From 1919 to 1922, Marc Chagall taught here in a Jewish orphan colony. In the late 1920s, the sixth Lubavitcher rebbe spent three weeks in Malakhovka, living in the house of a Lutheran woman who let Jews pray at her place.

In 1932, a synagogue was built near the house of a local Jewish activist, Noah Alterman. To circumvent Soviet-era restrictions on religious organizing, the building was registered as a “shed for household equipment.” Five years later the owner of the house was arrested and subsequently executed for “anti-Soviet activity.”

The synagogue became state property, and Malakhovka Jews continued to pray secretly.

“My father was a baker,” said Serafima Gorinova, an elderly participant in the synagogue’s opening ceremony. “There are several dozens Jews around us, and allegedly no KGB officers — though you never know, of course.”

Gorinova lowers her voice instinctively and leans down to whisper in a reporter’s ear: “Half of Moscow Jews came here to buy his matzahs.”

In 1959 the synagogue was set ablaze for the first time.
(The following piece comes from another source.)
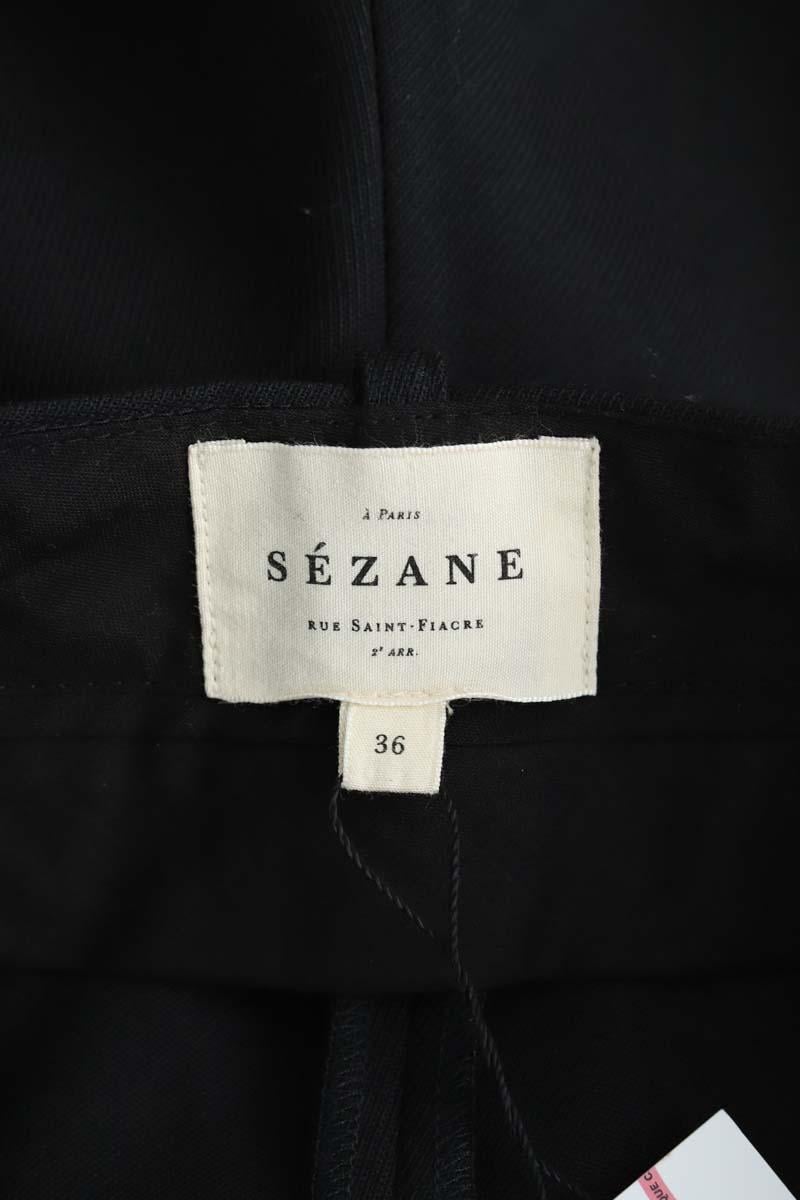 Carrot trousers SEZANE - Seconde main Black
The Jewish community reconstructed the building in the 1970s, and in 2005 it became the community’s property. But just two months later the building was burned down again: A drug addict broke in looking for valuables and then set the house on fire to cover his tracks.
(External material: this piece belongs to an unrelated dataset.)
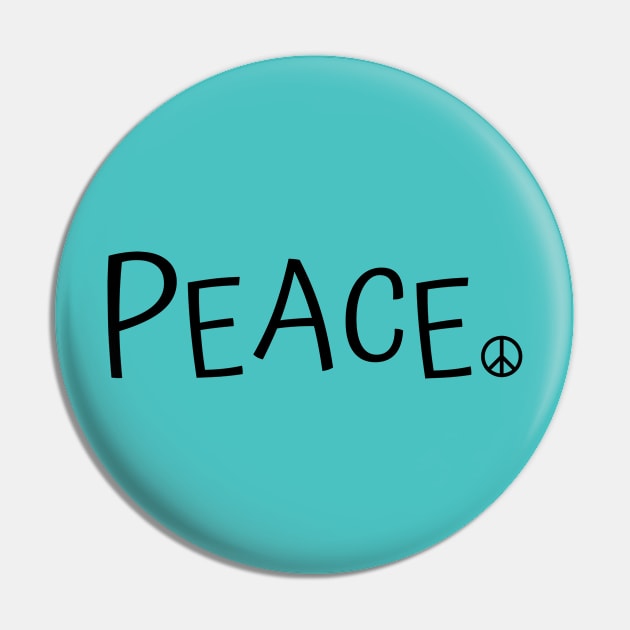 Peace Pin by Lite Style Designs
At the opening ceremony for the new synagogue, community head Aaron Kogan said, “I hope we’ll see as many people here each Shabbat as we see now.”

That’s unlikely: Shabbat services in the old synagogue typically attracted 20 to 30 worshipers, with the average age of participants being well over 60.

Asked whether he attends services at the synagogue, Glimcher said, “I was once awarded the best school director prize for organizing atheistic propaganda at school. But I will go there. Life is full of wonders.”